Dios ha entregado lo más valioso que tenía, a su propio Hijo unigénito. Fue a este Hijo unigénito con quien desde la eternidad mantenía una relación de amor a quien entregó por los pecadores. El padre nos entregó lo que más quería, a su propio Hijo. No existe un don más grande.

Grandeza de su propósito: “para que todo el que cree en él no perezca sino que tenga la vida eterna” (Jn 3, 16). Aunque el amor de  Dios, es inmensamente grande no servirá de nada a aquellos que no creen en él. La única condición que Dios pone es la fe, no  nuestras obras ni méritos personales.
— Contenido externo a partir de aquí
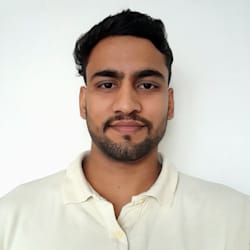 ritik_ra0
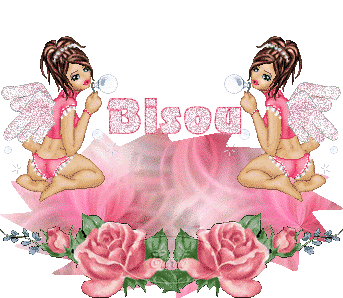 BONJOUR A TOUS ET A TOUTES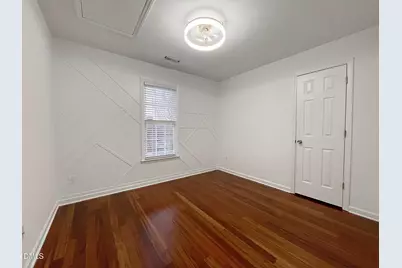 2504 Brighthaven Drive, Raleigh, NC 27614 - Photo 25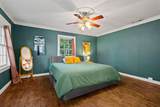 425 Belden Street - Photo 26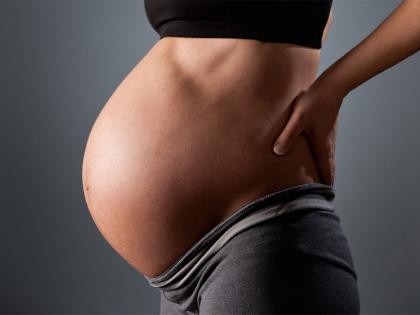 how to support your wife to prevent miscarriage, ways to Prevent a Miscarriage | महिलाओं को नहीं होगी गर्भपात की समस्या अगर पति करेंगे रोजाना योगासन, ये 10 तरीके भी आएंगे काम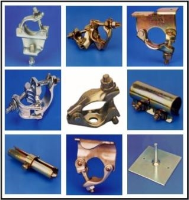 Scaffold Fittings for Sale Manchester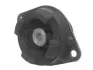 Подушка КПП Audi 100/200/80/90/VW Passat 1.3-2.8 68-96 21652955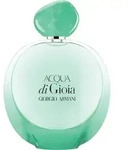 Acqua di Gioia Intense Eau de Parfum Nat. Spray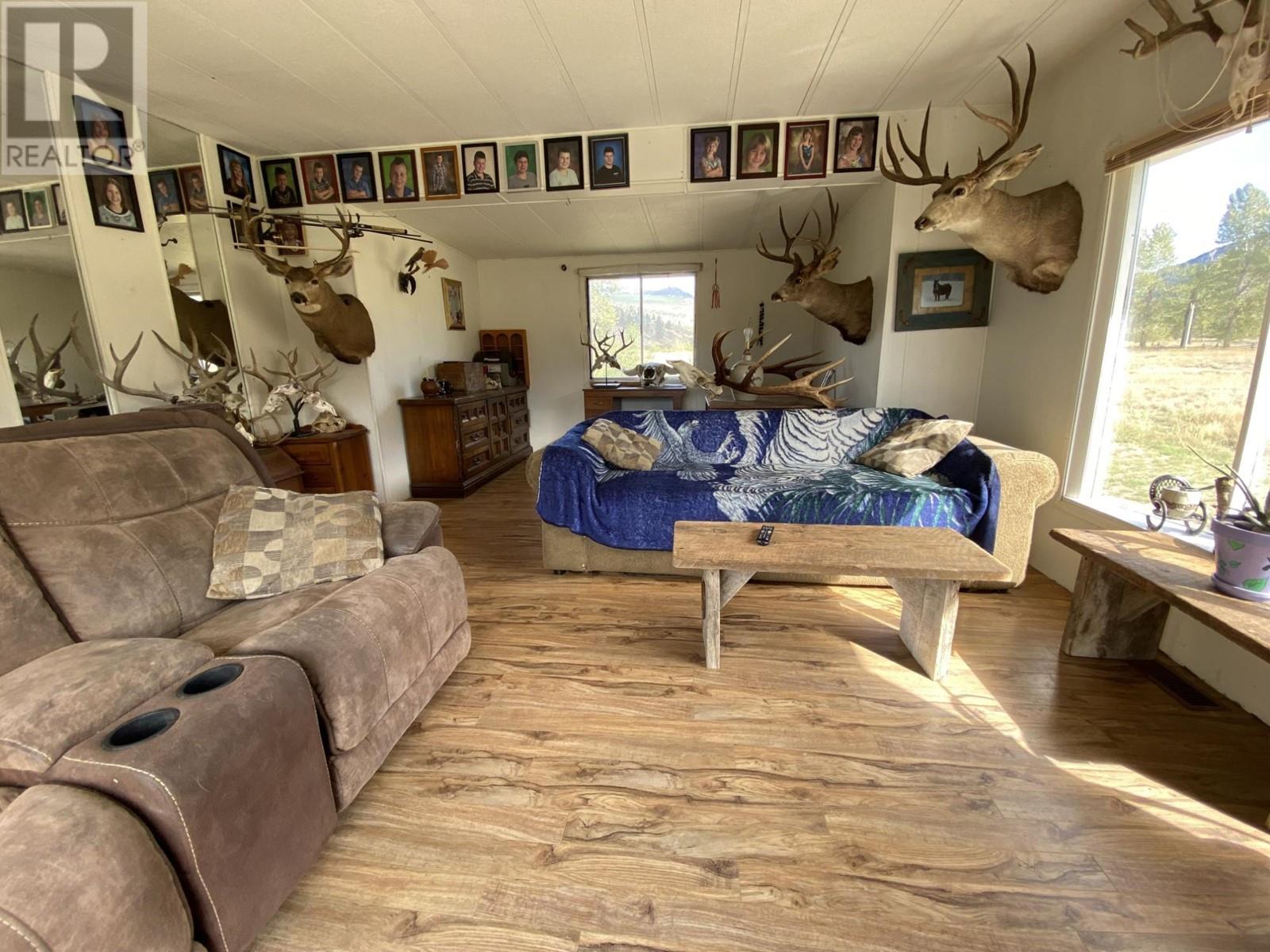 1789 Nicolls Road, Merritt, British Columbia  V1K 1N7 - Photo 12 - 181067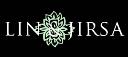 Lin and Jirsa logo
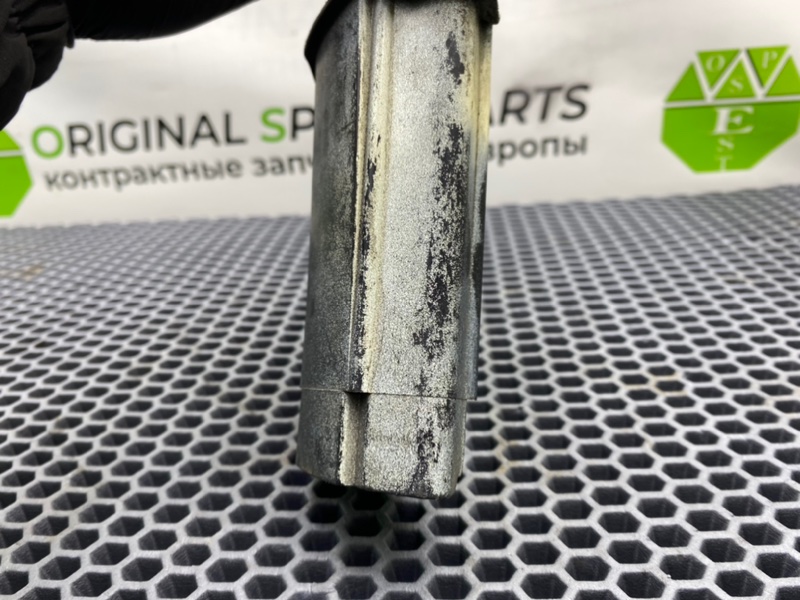 Ограничитель двери, 800 рублей, Калининград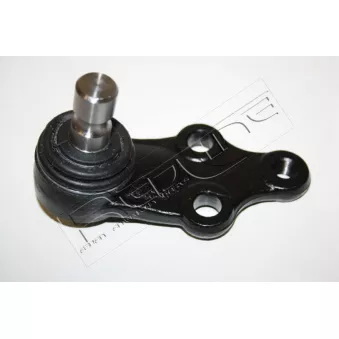 Rotule de suspension RED-LINE 40HY145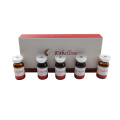 /msite/products/detail/productid/66548888/id/1625184.html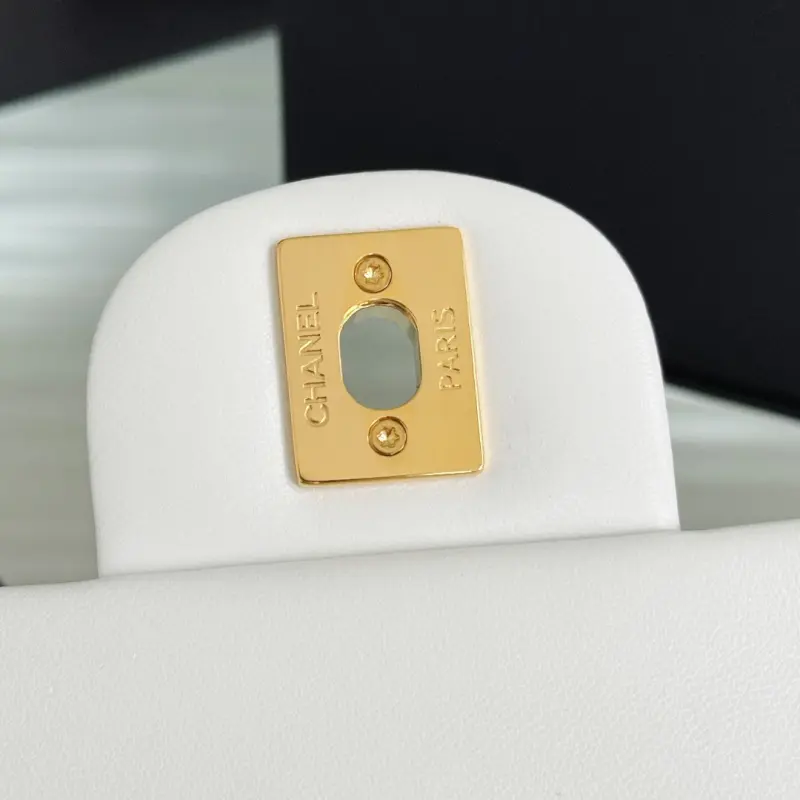 Medium 25cm Sheepskin CM 23 High Quality Bags - Image 11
Todo el que cree, en Jesús que murió y resucitó, tiene la vida eterna. Dios envió a su hijo al mundo para que pudiera ser salvado, no para condenarlo. Jesús es la clave de la Salvación.

Señor, te doy gracias por esta inmensa demostración de tu amor, por todos nosotros. “Cuando el Espíritu está en nosotros, lo está también la Palabra, de quien recibimos el Espíritu, y en la Palabra está también el Padre, realizándose así aquellas palabras: El Padre y yo vendremos a fijar en él nuestra morada. Porque donde está la luz, allí está también el resplandor; y donde está el resplandor, allí está también su eficiencia y su gracia esplendorosa.” (De las cartas de San Atanasio. Obispo.)

Este amor no hace distinción de personas; “ porque no hay acepción de personas para con Dios” Rm 2,11. Toda la humanidad sin distinción está incluida en este admirable amor. El origen eterno del Espíritu se revela en su misión temporal. El Espíritu Santo es enviado a los apóstoles y a la Iglesia tanto por el  Padre en nombre del Hijo, como por el Hijo en Persona, una vez que vuelve junto al Padre (Cf Jn 14,26; 15,26; 16,14). El envío de la persona del Espíritu tras la glorificación de Jesús (Cf Jn. 17, 39) Revela en plenitud el misterio de la Santísima Trinidad.